Does your tea contain enough caffeine to give you a nice, clean burst of energy in the morning, or help you to overcome the midday slump? Or will it leave you feeling jittery, anxious, and overstimulated? Will it keep you from falling asleep at bedtime?
These are all valid questions, but it may surprise you to know that there is no single “right” answer to them. The truth is, the amount of caffeine in tea depends entirely on the variety of tea leaves. In the sections below, we’ll help you understand how much caffeine is found in your favorite types of tea, along with other valuable information about tea and caffeine.
What is Caffeine?
Caffeine is a mild stimulant that occurs naturally in several plants, including Camellia sinensis. This is the plant that is used to steep black, oolong, green, and white teas, meaning that all of these varieties contain some amount of caffeine.
Caffeine has been shown to affect energy levels, mood, stamina, the vascular system, the digestive system, and other functions within the body.* In fact, many people choose to consume caffeine for its ability to clear the mind, lift the spirit, and banish fatigue*.
For some people, it may be possible to consume too much caffeine. Overindulgence in caffeinated foods and beverages can lead to symptoms like irritability, anxiety, and insomnia. For that reason, it is important to know how much caffeine is in the foods and drinks that you consume and monitor your consumption.
How Much Caffeine is in Tea?
On average, a six-ounce cup of black tea has about 50 milligrams of caffeine—less than half the amount in a standard cup of brewed coffee. A similarly-sized cup of oolong tea contains approximately 30-40 milligrams of caffeine, while green tea contains roughly 20-30 milligrams. White tea contains the smallest amount of caffeine of all “true” teas (i.e. those made from the Camellia sinensis plant)—just 15-20 milligrams per cup.
Herbal teas (also called tisanes) such as chamomile, hibiscus, and peppermint teas are naturally caffeine-free. One exception is yerba mate, which contains around half the amount of caffeine per cup found in a similar-sized cup of coffee.
Unlike herbal teas, decaffeinated teas are NOT naturally caffeine-free, but rather have had their caffeine content removed through a specialized process. The Republic of Tea uses a natural CO2 high-pressure extraction process employing carbon dioxide, which is highly effective at removing the caffeine without compromising the flavor, color, quality, or other beneficial components.
It’s also important to note that not all of the caffeine can be fully removed from decaf teas; typically, a very small amount (such as 2-4 milligrams per cup) remains.
For those who prefer a higher dose of caffeine for a strong burst of energy, consider our high caffeine teas, which contain even more caffeine than a similarly-sized cup of coffee at approximately 116 milligrams per cup.
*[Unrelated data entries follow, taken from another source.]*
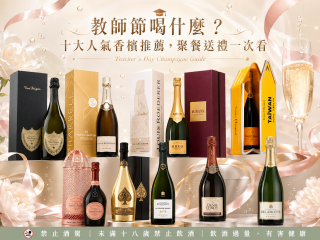 教師節喝什麼？十大人氣香檳推薦，聚餐送禮一次看
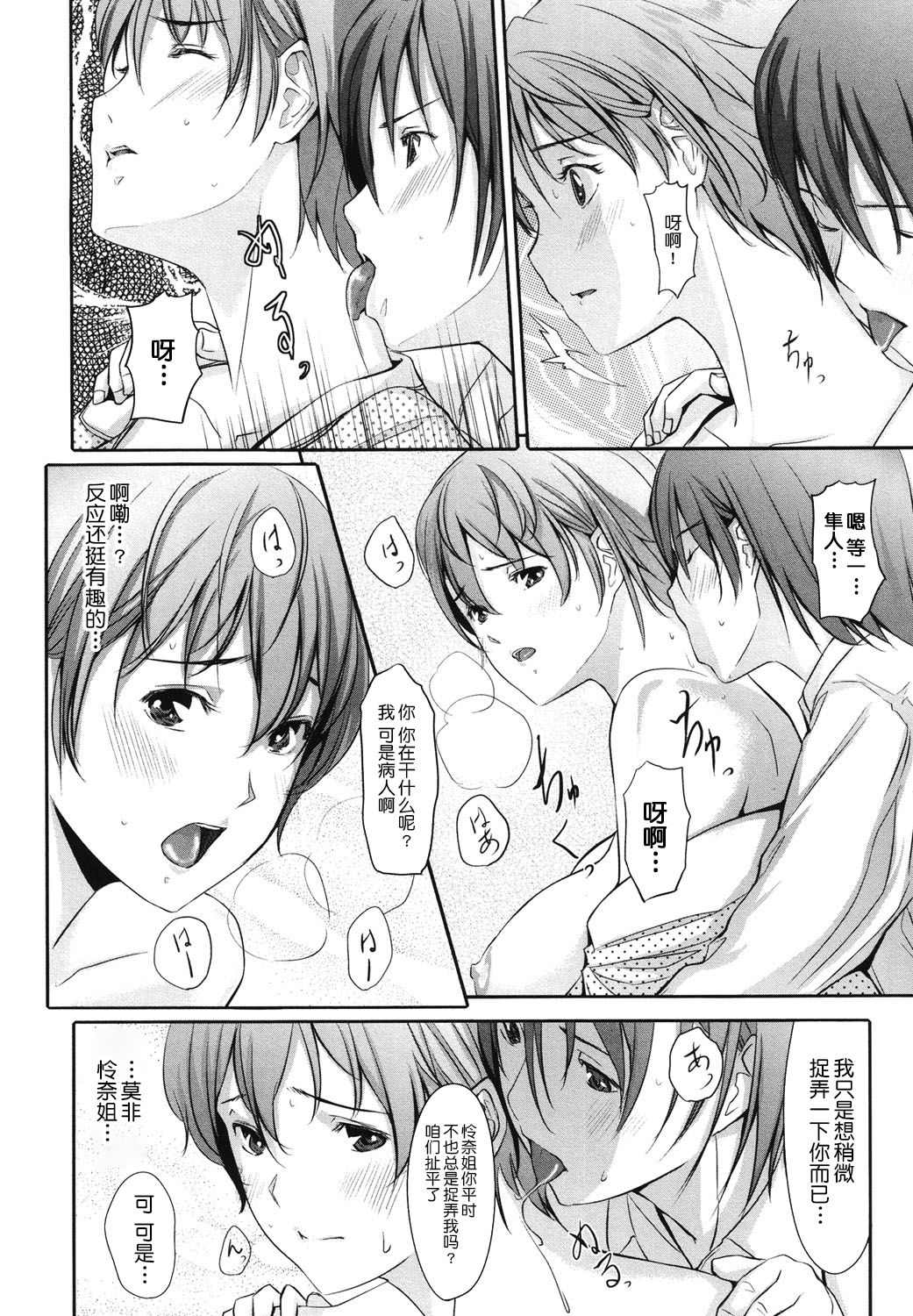 Houkago Toy Friends - Page 94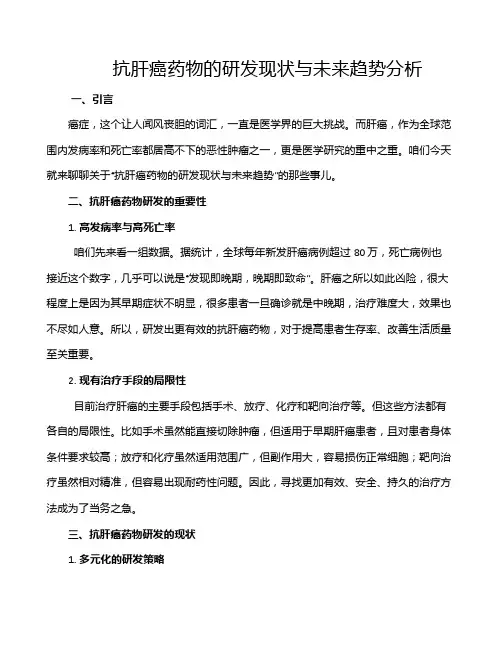 抗肝癌药物的研发现状与未来趋势分析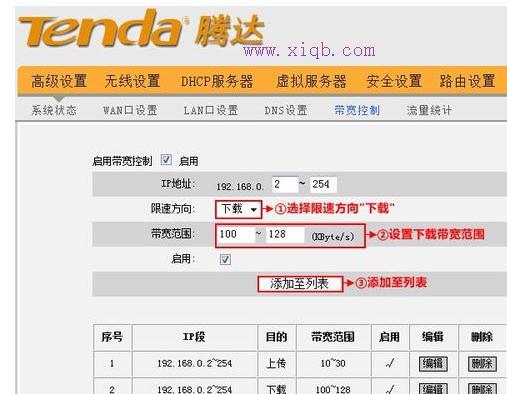 腾达路由器怎样限制网速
Additionally, tea is unique compared to other sources of caffeine (such as coffee) due to the fact that it contains L-theanine, an amino acid that produces a calming effect.* The caffeine found in tea is also thought to be absorbed into the body more slowly than the caffeine found in coffee.*
This may be why many tea drinkers describe the energy benefits they receive as a calm, steady, gentle alertness, without jitters or afternoon crashes.
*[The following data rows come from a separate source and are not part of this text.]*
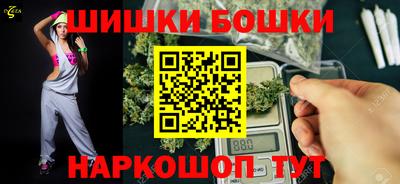 MDMA Кинель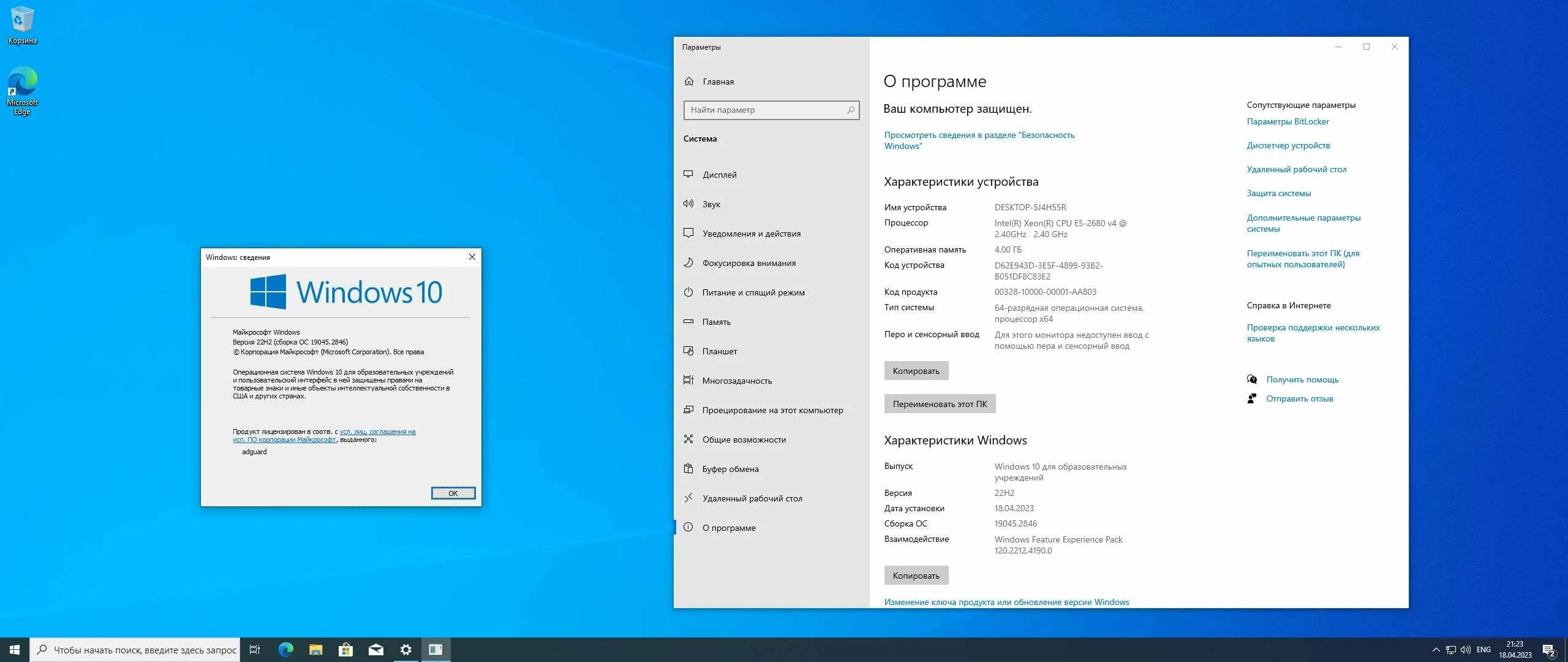 Windows 10 код подключения Скачать торрент оригинальный образ Виндовс 10 22H2 x64_x86 AIO на русском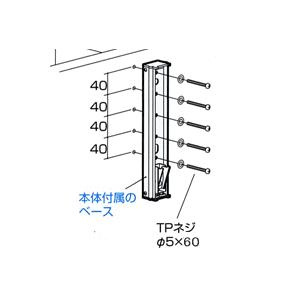 屋外用物干し金物(上下式ハイグレードタイプ)取付金具 HP-13｜web-takigawa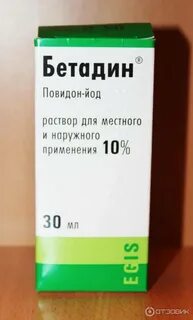 Повидон мазь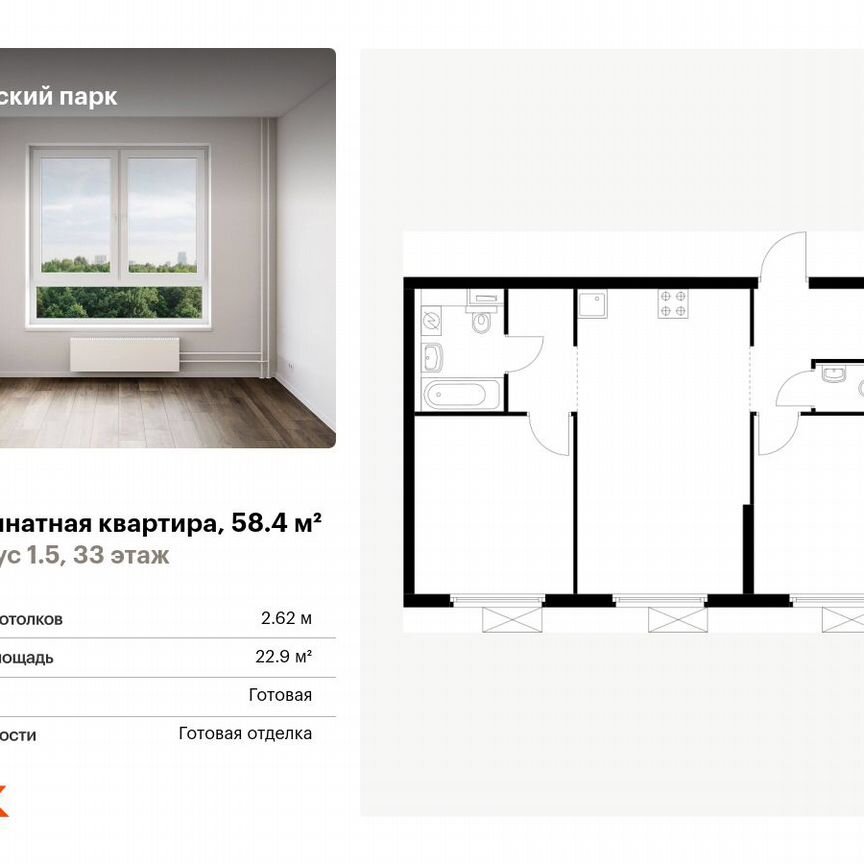 2-к. квартира, 58,4 м², 33/33 эт.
Understanding Tea and Caffeine
What does all of this information mean for tea drinkers like you?
Well, the FDA considers a moderate intake of caffeine to be roughly 200-300 milligrams per day; this is the amount that is classified as “generally recognized as safe.” Most Americans consume within this range. A low-to-moderate intake of caffeine would be any amount below this range, while a high dose of caffeine would be more than 400 milligrams per day.
In other words, consuming up to 6 six-ounce cups of black tea per day, or as many as 10 cups of green tea per day, still falls within the “moderate” level of caffeine consumption, as per the FDA’s guidelines.
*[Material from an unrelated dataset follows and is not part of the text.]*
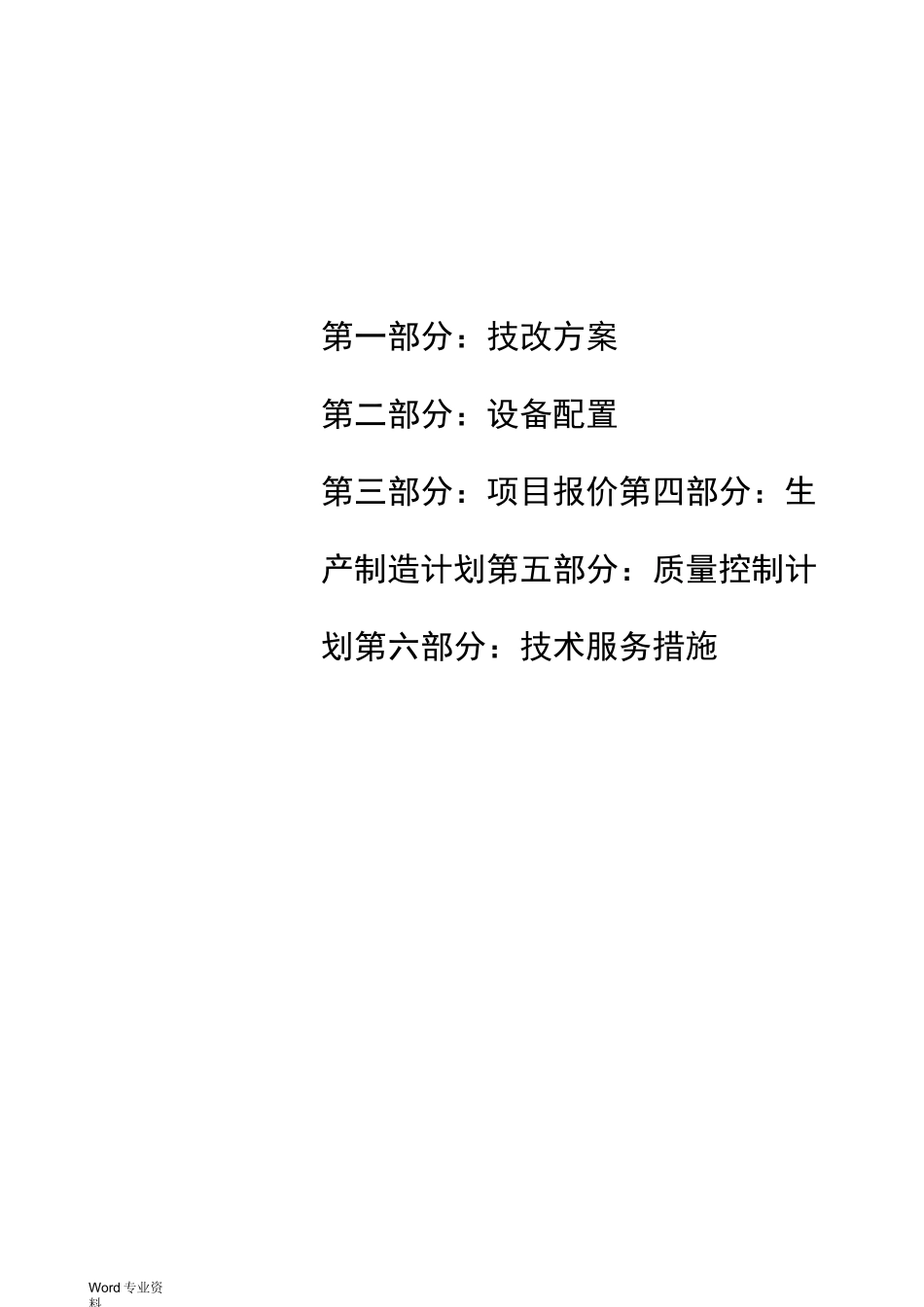 33000KVA硅铁炉除尘方案_第2页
However, it’s important to remember that your body’s reaction to caffeine may differ from the norm, or that you simply may not enjoy exceeding a certain intake level, even if it is “generally recognized as safe.” Always monitor how you’re feeling while consuming caffeine, and over time you will learn how much you feeling comfortable consuming on a daily basis.
Caffeine Tips for Tea Drinkers
Aside from the type of tea you are steeping, there are a few other factors that will determine how much caffeine ends up in your cuppa. Using hotter water and steeping the tea for longer will extract more caffeine from the leaves.
Additionally, the smaller the leaf, the stronger the extraction of caffeine. Using comparable amounts and steeping times, a tea bag filled with cut leaves will release more caffeine per cup than full-leaf tea.
As you navigate our website, you will find details of each tea’s caffeine content presented with the tea. Caffeine content varies with manufacturing and growing variances as well as brewing conditions and time. Values are approximations.
*These statements have not been evaluated by the Food and Drug Administration. This product is not intended to diagnose, treat, cure or prevent disease.